The second is that the object of sequencing is not the DNA template strand itself, but the complementary product strand of the template strand, which introduces more uncertainty
This technology is monopolized by foreign countries, and the cost of building a single sample database is extremely high, making it difficult to promote and apply it on a large scale
[0004] Qiagen's QIAseq Methyl Library Kit single-strand library construction technology also has the problem that the detected DNA sequence is the complementary product of the template strand, and due to the use of random primer amplification, it will also result in the need to cut off part of the sequence during analysis, resulting in data waste
The technology has a certain bias, and the technology itself is unstable, and the market response is poor
[0005] The main problems of Splinted adapter tagging (SPLAT) technology are: 1. It takes a long time, due to the use of low concentration of ligase and the need to purify the ligated product twice, the reaction time is longer
The unit concentration of ligase used in SPALT technology is low (5U / μl), and the maximum reaction volume of the enzyme is 30U, resulting in a connection time of up to 1 hour each time.
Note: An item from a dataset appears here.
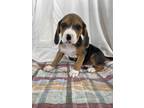 Adopt Sora a Tricolor (Tan/Brown & Black & White) Beagle / Mixed dog in Denver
Since the 3' end and 5' end adapters need to be connected separately, the connection time is long up to 2 hours
At the same time, multi-step purification is required during the reaction process, which also takes a period of time, and the discarding of the purified magnetic beads also causes some DNA loss
2. The amount of DNA template required is large, and the template needs to be 100ng. It is difficult to build a library for DNA with a low initial amount.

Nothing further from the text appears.